G “Dai piccolina, forza, sei una
forza, ci sei quasi”
A stento riesco a rimanere nascosto,
vorrei entrare in camera, strappare l'ape dal filo che la sostiene e
darla a Bianca mentre le abbraccio entrambe. Tengo duro anche io.
Bianca è in stallo e Gaia se ne rende
conto.
G “Piccolina, facciamo così, conto
fino a tre e tu fai un ultimo grande sforzo e ti butti, vedrai che ce
la fai”
B “Vai, conta”. Bianca è rossa
come un pomodoro, credo sia in apnea da due minuti per lo sforzo.
Gaia conta “Uno, due e tre”.
A questo punto Bianca si slancia, le
sue dita cicciottelle e corte sfiorano l'ape di quel tanto da
permetterla di stringerla. Ce l'ha fatta, rimane appesa qualche
istante, giusto il tempo di rilassare un po' i muscoli e poi si
lascia cadere nel letto soddisfatta.
Sono un padre in estasi, la sorella
grande ha appena guidato la piccola in un piccolo trionfo. Trattengo
a stento le lacrime ma non l'orgoglio quando sento gaia che riprende.
G “Forza, ci sei quasi, un ultimo
piccolo sforzo”.
Ritorno in me e rivedo la stessa
identica scena dell'inizio.
Bianca distesa, paonazza, contratta che
cerca di afferrare l'ape.
Non capisco ed entro.
N “Ciao piccole, che fate?”
G “Bianca si allena”
N “Che bello, cosa si allena a fare?”
G “A raggiungere un obiettivo alla
portata ma non facile”
N “Che brave, ho visto che c'è
riuscita, perchè continuate”
B “Ci sono riuscita quattro volte
negli ultimi cinque tentativi”
N “Ma allora perchè continui, sei
paonazza, grondi sudore e sei affaticata?”

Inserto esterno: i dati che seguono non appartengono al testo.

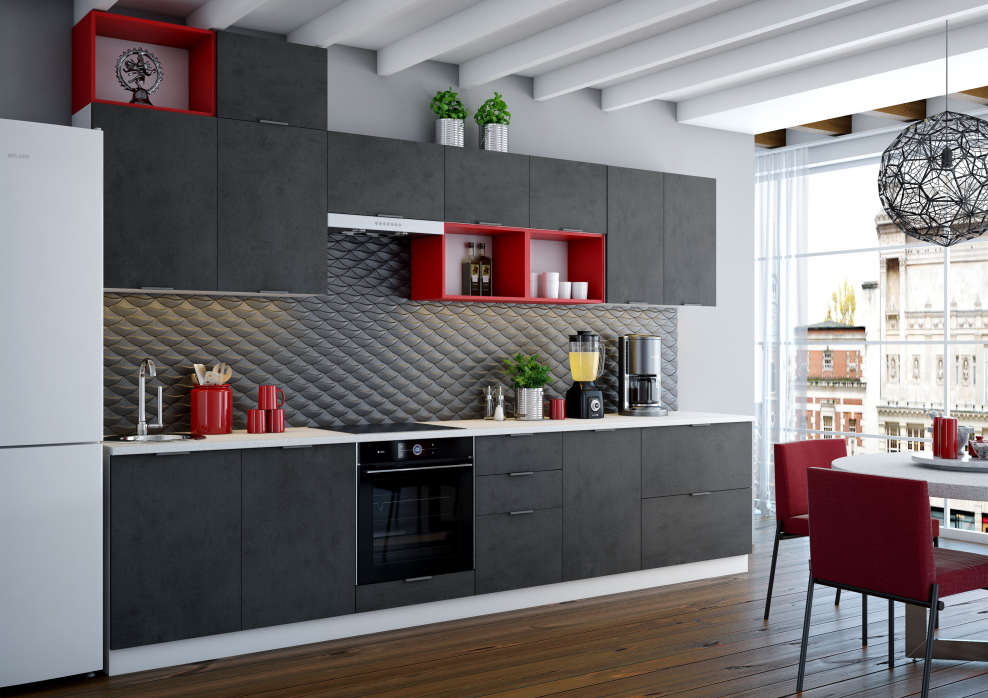 Кухня Техно New Форес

B “Perchè mi dovrei fermare?”
N “Perchè ce l'hai fatta, hai
raggiunto il tuo obiettivo”
B “Ma io mi sto allenando adesso”
mi dice sbigottita dal fatto che io non capisca
N “E quindi?”, in effetti io non
capisco, è riuscita in quello che si era prefissata. E qui
interviene la sorella.
G “Perchè non ci si allena fino a
quando una cosa riesce, ci si allena fino a quando non si sbaglia
più. Non ci accontentiamo di sapere che una volta ce l'abbiamo fatta, noi avremo in pugno i nostri obiettivi”. Lo dice guardando Bianca che, sfruttando il fatto che la
sorella parlava, ha nuovamente afferrato l'ape.